■ Dataset extract

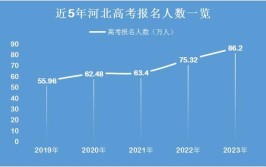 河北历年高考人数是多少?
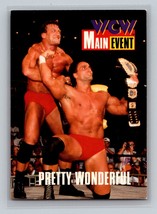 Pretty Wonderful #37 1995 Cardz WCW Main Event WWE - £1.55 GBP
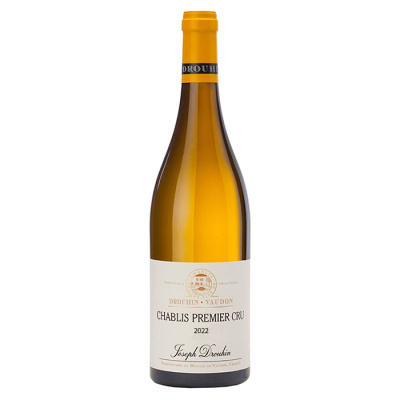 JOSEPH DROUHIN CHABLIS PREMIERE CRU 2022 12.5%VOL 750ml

==

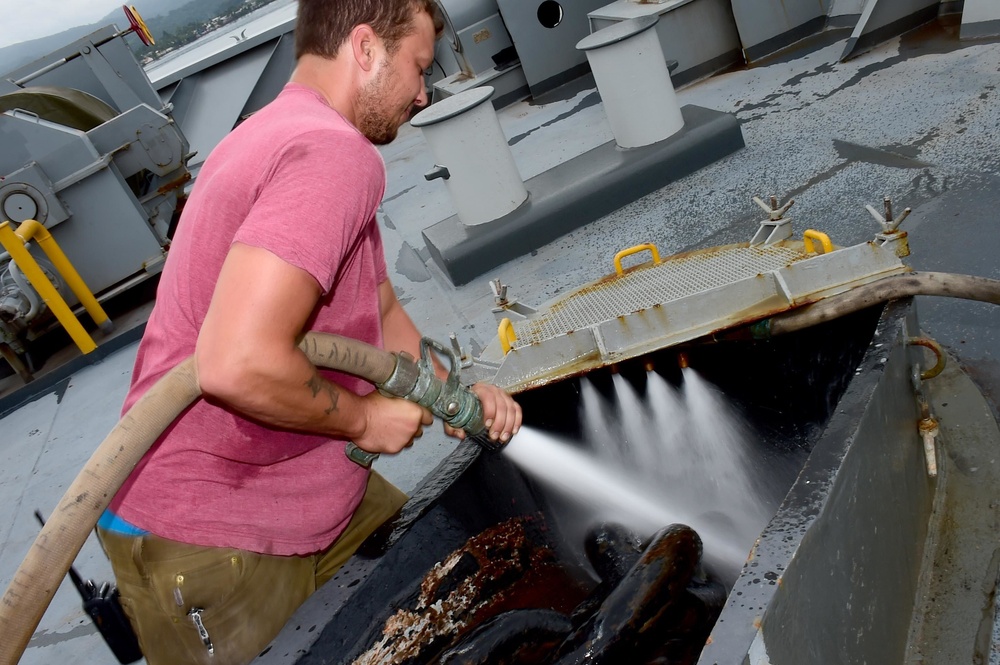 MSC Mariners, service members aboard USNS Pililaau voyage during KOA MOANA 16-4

■ Exercise requirements
Look above for the line with "河北历年高考人数是多少?"; quote it and every line after it, stopping after the line with "JOSEPH DROUHIN CHABLIS", exactly, with nothing added and without pictures.

■ Response to the exercise
 河北历年高考人数是多少?
 Pretty Wonderful #37 1995 Cardz WCW Main Event WWE - £1.55 GBP
 JOSEPH DROUHIN CHABLIS PREMIERE CRU 2022 12.5%VOL 750ml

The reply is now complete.